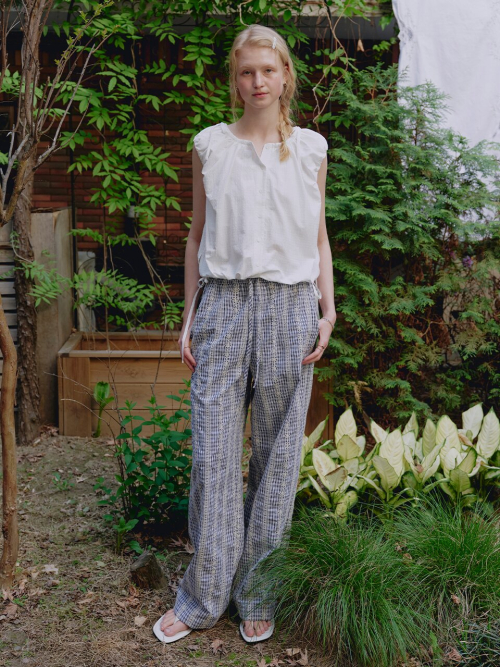 Embroidered Check Casual Pants MU2635PT310M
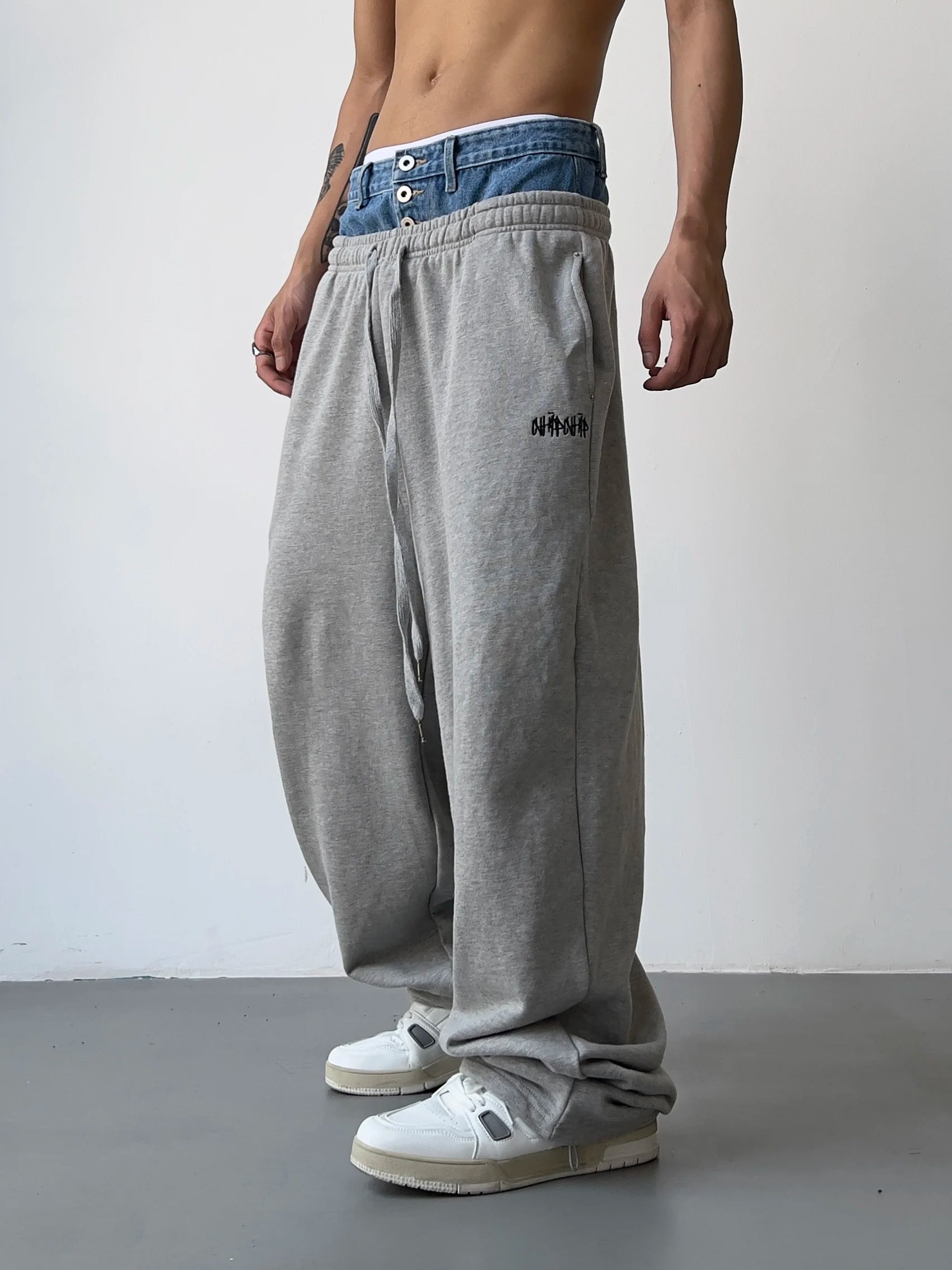 hip hop straight pants spliced button jean elastic waist pants loose trousers unisex casual drewstring sportwear pants joggers unique joggers style 153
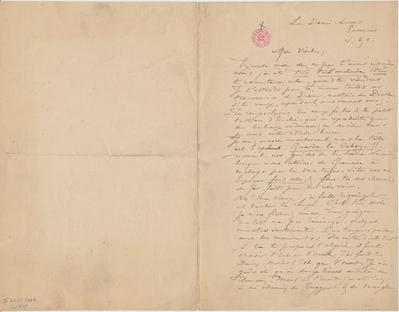 Lettre de Félicien Rops à [Léon?] [Dommartin?]. Corbeil-Essonnes, 0000/00/00. Bruxelles, Bibliothèque royale de Belgique, II/6655/469/54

::::::::

ACTIVITY
What you output must be exactly the lines from the line with "hip hop straight" through the last line of the listing, pictures excluded.

TASK OUTPUT
 hip hop straight pants spliced button jean elastic waist pants loose trousers unisex casual drewstring sportwear pants joggers unique joggers style 153
 Lettre de Félicien Rops à [Léon?] [Dommartin?]. Corbeil-Essonnes, 0000/00/00. Bruxelles, Bibliothèque royale de Belgique, II/6655/469/54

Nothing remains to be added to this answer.